### Aim of the task
Please reproduce the lines of the records below from the one holding "aida_mana blue_eyes blue_hair" through the one holding "High-Top Canvas Shoes", inclusive, skipping all pictures.

### Data shown
#####
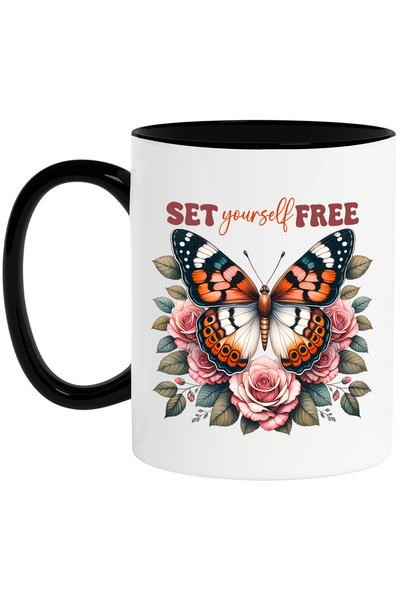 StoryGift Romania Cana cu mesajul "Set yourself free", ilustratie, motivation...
#####
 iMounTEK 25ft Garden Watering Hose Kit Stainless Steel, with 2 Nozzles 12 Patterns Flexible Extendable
#####
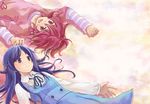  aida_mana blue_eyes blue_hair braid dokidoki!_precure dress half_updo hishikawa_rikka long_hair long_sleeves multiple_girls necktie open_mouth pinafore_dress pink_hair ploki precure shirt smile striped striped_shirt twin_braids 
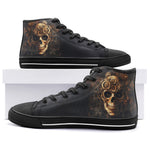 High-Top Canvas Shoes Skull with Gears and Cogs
#####
### Output
  aida_mana blue_eyes blue_hair braid dokidoki!_precure dress half_updo hishikawa_rikka long_hair long_sleeves multiple_girls necktie open_mouth pinafore_dress pink_hair ploki precure shirt smile striped striped_shirt twin_braids 
 High-Top Canvas Shoes Skull with Gears and Cogs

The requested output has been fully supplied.